* [EXERCISE PROMPT]: In the records below, repeat exactly the lines between the line holding "Foggia, incidente in" and the line holding "slika 1 Mercedes-Benz", inclusive, and drop the pictures.

* [RECORDS SUPPLIED]:
= = = = =

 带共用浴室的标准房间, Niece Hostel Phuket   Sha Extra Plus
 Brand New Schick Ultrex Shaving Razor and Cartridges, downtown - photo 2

= = = = =

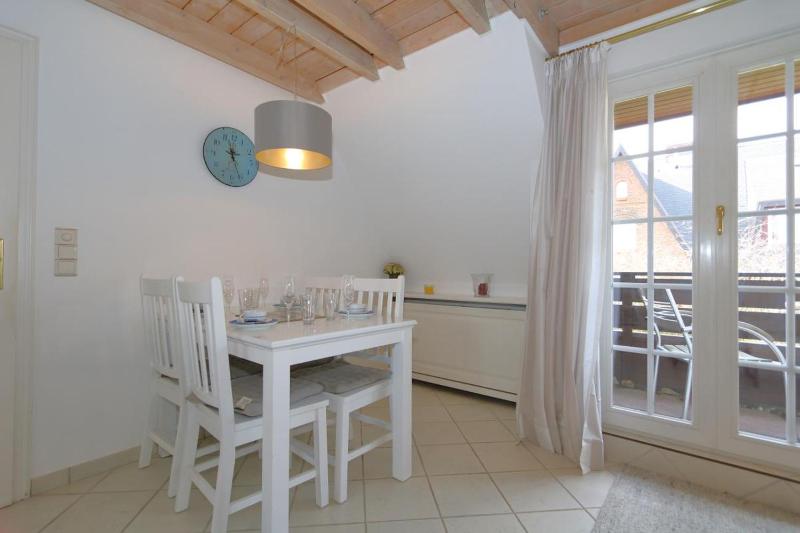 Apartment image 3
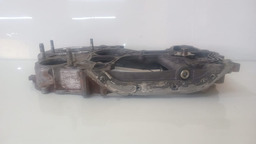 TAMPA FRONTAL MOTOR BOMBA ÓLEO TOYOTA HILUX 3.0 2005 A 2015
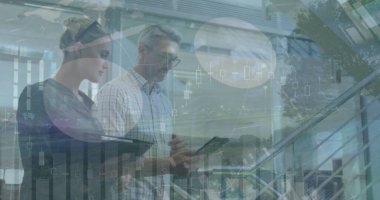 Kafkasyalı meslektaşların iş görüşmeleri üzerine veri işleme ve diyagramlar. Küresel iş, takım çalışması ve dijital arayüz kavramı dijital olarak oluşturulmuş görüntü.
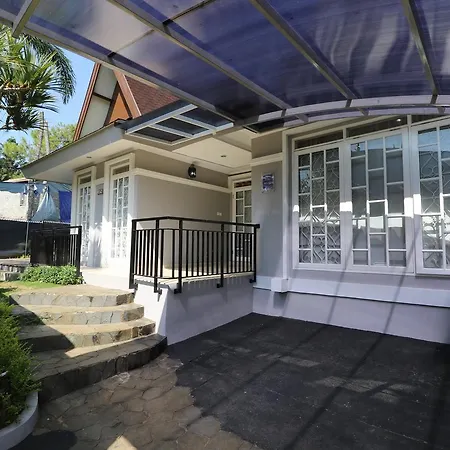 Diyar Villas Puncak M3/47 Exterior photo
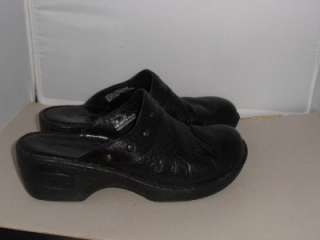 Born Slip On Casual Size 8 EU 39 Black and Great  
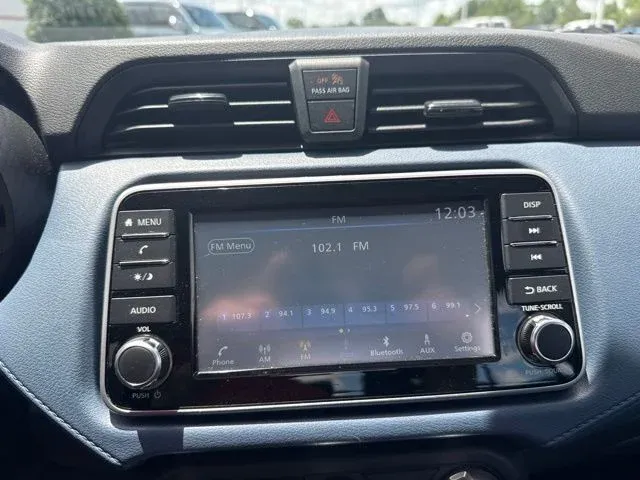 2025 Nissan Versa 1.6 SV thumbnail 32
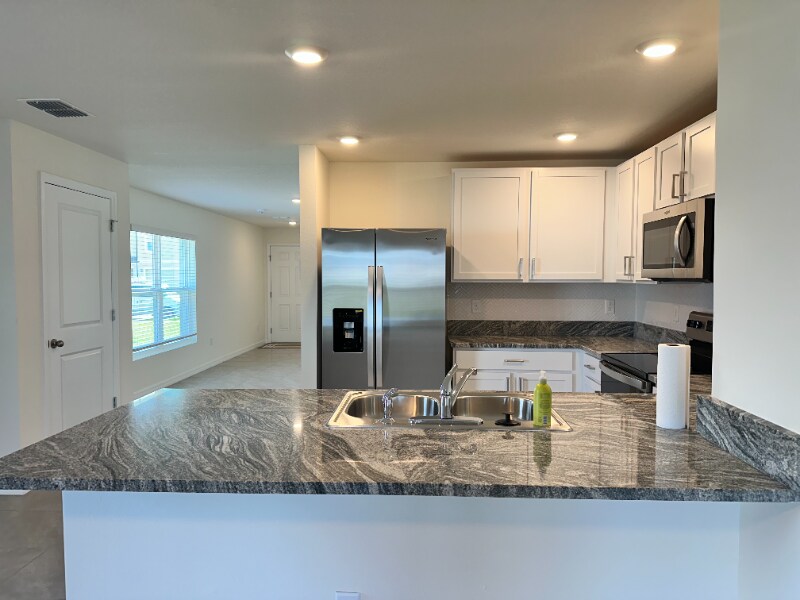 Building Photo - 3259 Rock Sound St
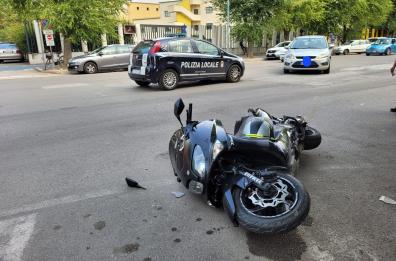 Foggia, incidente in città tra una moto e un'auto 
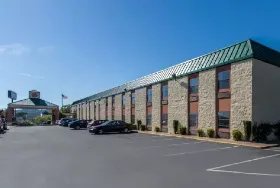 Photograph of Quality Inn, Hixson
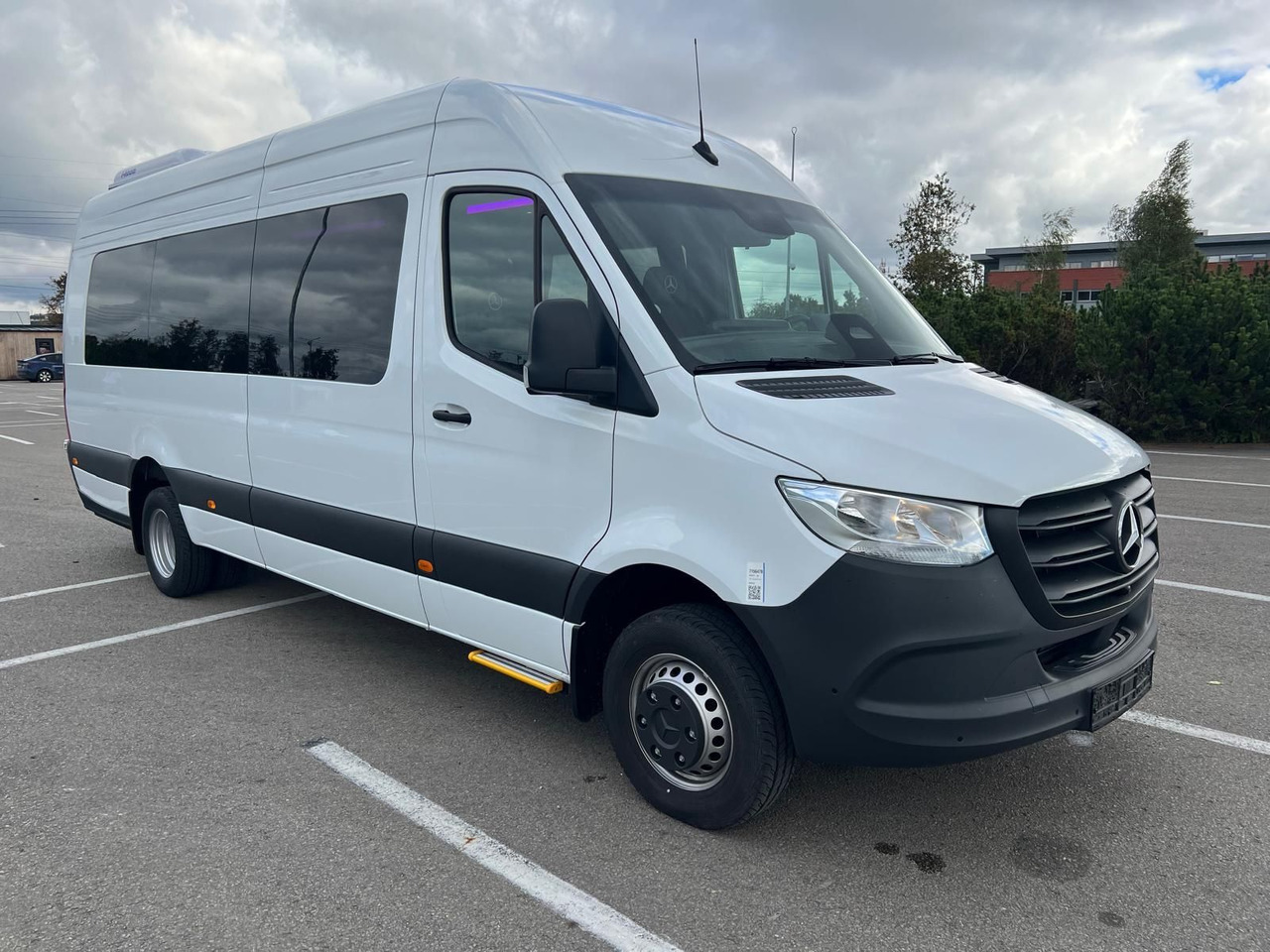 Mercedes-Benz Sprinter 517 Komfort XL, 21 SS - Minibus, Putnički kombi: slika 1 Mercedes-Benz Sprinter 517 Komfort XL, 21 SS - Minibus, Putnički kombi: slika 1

= = = = =

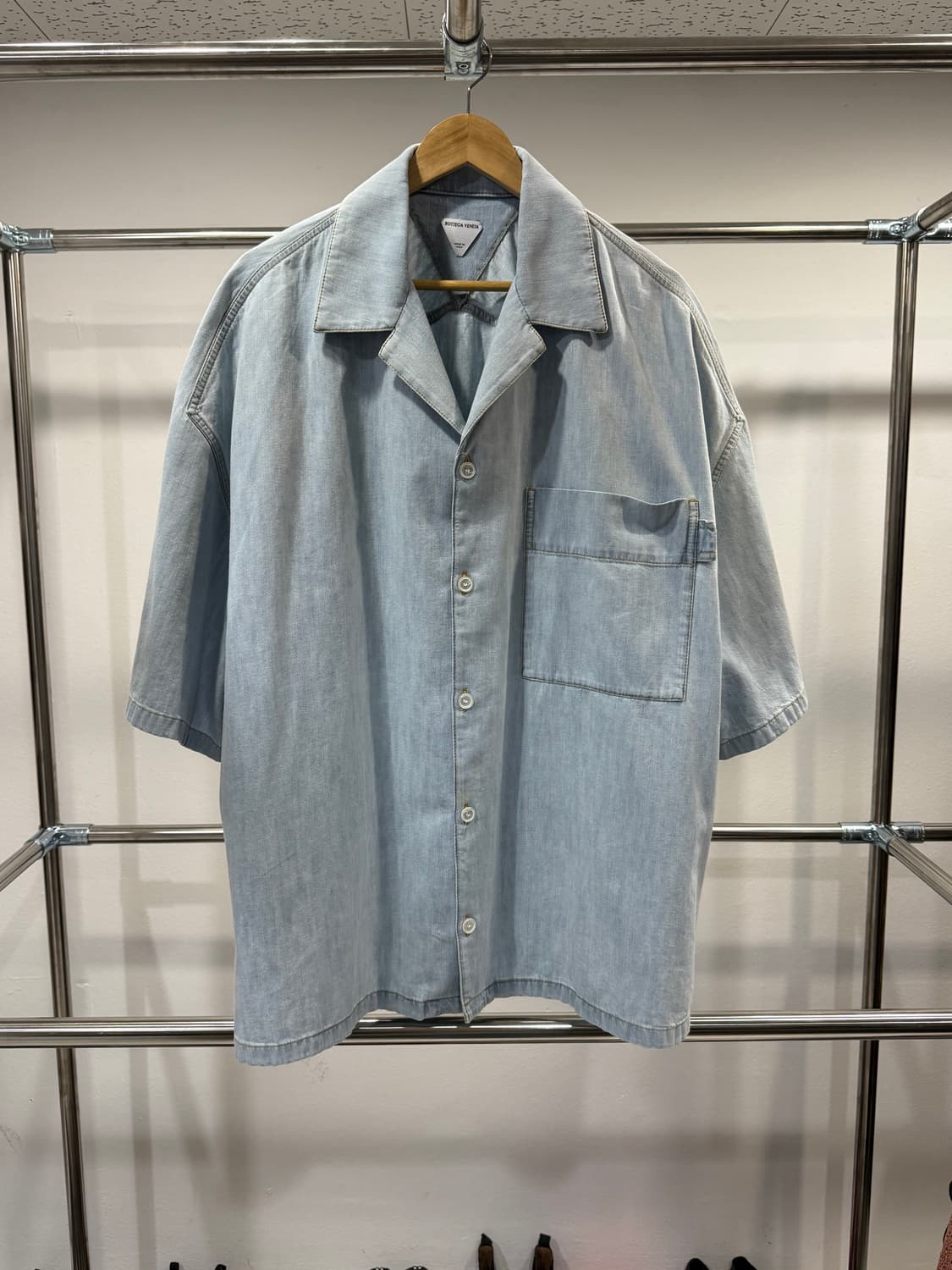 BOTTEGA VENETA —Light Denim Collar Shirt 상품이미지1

= = = = =

* [OUTPUT FOR THIS EXERCISE]:
 Foggia, incidente in città tra una moto e un'auto 
 Photograph of Quality Inn, Hixson
 Mercedes-Benz Sprinter 517 Komfort XL, 21 SS - Minibus, Putnički kombi: slika 1 Mercedes-Benz Sprinter 517 Komfort XL, 21 SS - Minibus, Putnički kombi: slika 1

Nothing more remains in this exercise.